═══ PROVIDED DATA ═══
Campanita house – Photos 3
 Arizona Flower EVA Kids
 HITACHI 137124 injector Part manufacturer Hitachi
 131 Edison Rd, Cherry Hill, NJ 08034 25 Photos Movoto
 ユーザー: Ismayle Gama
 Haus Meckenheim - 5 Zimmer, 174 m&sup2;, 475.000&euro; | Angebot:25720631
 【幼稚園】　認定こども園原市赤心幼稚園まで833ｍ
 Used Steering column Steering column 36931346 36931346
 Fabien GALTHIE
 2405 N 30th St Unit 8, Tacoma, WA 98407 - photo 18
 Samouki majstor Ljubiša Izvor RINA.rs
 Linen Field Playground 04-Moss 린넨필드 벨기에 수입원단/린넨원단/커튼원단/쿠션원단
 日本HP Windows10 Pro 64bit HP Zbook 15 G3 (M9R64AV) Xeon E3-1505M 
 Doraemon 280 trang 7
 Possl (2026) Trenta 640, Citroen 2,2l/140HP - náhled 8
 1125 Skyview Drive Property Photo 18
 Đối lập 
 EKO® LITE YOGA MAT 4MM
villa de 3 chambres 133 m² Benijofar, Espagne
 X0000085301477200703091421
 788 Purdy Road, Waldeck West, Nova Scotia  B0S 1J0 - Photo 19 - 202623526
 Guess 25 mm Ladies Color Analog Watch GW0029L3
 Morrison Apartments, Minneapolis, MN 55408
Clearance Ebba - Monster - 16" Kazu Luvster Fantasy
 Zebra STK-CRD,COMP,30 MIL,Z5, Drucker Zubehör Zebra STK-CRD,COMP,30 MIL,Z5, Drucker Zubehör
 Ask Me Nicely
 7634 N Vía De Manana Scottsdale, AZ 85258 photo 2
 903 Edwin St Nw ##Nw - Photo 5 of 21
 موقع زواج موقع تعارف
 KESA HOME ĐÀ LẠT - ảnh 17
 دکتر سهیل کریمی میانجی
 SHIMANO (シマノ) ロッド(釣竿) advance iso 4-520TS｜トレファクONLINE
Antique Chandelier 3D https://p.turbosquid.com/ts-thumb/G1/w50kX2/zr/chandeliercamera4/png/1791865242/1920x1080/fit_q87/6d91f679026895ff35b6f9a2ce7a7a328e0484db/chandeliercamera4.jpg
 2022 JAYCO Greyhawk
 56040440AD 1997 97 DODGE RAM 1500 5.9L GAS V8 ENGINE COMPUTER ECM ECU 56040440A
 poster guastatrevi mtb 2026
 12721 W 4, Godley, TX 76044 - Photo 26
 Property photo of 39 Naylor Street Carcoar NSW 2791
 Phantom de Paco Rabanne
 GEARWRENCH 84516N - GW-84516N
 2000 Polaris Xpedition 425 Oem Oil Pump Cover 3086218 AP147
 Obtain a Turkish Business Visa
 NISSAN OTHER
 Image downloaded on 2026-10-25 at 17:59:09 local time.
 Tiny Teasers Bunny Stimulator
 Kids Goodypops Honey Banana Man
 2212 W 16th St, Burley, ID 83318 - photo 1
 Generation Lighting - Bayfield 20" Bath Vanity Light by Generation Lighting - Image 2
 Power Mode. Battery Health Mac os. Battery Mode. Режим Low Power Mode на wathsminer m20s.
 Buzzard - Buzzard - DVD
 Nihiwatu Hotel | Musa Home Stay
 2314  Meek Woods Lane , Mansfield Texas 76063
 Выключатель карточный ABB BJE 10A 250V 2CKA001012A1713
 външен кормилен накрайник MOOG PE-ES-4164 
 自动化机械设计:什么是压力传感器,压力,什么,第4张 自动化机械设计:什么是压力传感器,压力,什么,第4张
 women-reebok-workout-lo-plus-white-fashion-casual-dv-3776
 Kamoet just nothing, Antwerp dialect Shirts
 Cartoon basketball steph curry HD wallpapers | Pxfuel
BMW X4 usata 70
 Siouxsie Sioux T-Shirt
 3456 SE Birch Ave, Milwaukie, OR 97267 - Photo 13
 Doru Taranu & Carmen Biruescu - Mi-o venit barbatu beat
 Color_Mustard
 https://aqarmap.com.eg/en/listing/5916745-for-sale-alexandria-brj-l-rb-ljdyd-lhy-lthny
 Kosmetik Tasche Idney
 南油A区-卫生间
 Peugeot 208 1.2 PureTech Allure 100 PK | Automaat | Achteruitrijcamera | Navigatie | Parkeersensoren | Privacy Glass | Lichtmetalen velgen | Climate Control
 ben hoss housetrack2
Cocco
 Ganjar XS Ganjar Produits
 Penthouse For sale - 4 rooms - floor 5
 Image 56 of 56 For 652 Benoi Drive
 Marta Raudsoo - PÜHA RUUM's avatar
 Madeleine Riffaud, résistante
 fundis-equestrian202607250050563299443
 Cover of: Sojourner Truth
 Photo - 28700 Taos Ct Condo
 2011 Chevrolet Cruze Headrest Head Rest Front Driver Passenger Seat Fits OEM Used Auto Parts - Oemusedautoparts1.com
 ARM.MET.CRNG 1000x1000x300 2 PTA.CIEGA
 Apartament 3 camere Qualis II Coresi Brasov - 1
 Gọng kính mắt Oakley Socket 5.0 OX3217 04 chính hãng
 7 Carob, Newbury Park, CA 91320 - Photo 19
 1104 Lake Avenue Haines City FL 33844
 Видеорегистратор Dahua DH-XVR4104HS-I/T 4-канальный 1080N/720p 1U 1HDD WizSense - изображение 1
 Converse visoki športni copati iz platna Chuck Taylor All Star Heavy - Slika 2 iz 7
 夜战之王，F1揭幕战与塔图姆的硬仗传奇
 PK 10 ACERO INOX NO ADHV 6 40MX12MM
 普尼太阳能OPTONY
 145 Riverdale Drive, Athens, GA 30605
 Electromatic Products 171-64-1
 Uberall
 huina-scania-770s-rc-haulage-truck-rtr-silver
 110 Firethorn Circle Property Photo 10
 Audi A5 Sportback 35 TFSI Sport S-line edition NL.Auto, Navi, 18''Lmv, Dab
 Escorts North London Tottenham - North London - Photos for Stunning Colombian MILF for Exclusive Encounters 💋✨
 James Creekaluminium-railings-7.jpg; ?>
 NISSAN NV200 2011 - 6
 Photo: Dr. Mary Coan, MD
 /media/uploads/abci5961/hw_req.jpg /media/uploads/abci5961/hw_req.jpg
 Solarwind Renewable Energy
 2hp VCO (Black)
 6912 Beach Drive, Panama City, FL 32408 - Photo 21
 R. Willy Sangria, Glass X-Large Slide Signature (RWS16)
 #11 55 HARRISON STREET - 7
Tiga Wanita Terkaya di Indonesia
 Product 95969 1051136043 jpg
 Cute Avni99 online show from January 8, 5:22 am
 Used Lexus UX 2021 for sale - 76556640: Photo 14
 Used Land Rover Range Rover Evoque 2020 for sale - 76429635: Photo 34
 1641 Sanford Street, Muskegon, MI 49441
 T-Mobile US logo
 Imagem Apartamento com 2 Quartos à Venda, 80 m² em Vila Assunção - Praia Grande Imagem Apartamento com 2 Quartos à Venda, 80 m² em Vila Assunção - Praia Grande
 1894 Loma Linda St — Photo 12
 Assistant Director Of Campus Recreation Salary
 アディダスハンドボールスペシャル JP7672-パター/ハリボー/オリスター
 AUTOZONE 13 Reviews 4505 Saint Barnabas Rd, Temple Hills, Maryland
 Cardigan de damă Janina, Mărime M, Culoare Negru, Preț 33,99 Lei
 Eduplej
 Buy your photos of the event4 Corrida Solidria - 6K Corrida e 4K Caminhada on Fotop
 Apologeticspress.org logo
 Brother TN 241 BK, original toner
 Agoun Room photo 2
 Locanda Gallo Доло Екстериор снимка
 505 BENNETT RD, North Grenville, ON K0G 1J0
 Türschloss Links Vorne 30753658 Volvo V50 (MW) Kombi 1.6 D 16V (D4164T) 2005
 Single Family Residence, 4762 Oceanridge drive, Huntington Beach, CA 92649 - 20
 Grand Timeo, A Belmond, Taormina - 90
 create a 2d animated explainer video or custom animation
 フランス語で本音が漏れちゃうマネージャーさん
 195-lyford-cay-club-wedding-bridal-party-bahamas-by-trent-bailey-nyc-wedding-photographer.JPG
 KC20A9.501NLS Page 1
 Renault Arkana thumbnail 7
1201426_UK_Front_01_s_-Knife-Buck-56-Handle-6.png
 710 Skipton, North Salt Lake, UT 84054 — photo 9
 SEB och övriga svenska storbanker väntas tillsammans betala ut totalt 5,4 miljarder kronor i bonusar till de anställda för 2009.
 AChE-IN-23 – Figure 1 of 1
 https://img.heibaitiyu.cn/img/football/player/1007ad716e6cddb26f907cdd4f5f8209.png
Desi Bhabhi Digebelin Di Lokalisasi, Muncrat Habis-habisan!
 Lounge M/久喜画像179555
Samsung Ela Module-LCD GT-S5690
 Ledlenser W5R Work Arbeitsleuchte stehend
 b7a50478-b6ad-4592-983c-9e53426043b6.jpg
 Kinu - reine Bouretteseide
═══
#### WHAT YOU SHOULD DO
Repeat exactly the lines of the listing above, from the one with "Photo: Dr. Mary Coan, MD" down to the one with "Used Land Rover"; both of those lines belong in the range.

#### EXERCISE SOLUTION
 Photo: Dr. Mary Coan, MD
 /media/uploads/abci5961/hw_req.jpg /media/uploads/abci5961/hw_req.jpg
 Solarwind Renewable Energy
 2hp VCO (Black)
 6912 Beach Drive, Panama City, FL 32408 - Photo 21
 R. Willy Sangria, Glass X-Large Slide Signature (RWS16)
 #11 55 HARRISON STREET - 7
Tiga Wanita Terkaya di Indonesia
 Product 95969 1051136043 jpg
 Cute Avni99 online show from January 8, 5:22 am
 Used Lexus UX 2021 for sale - 76556640: Photo 14
 Used Land Rover Range Rover Evoque 2020 for sale - 76429635: Photo 34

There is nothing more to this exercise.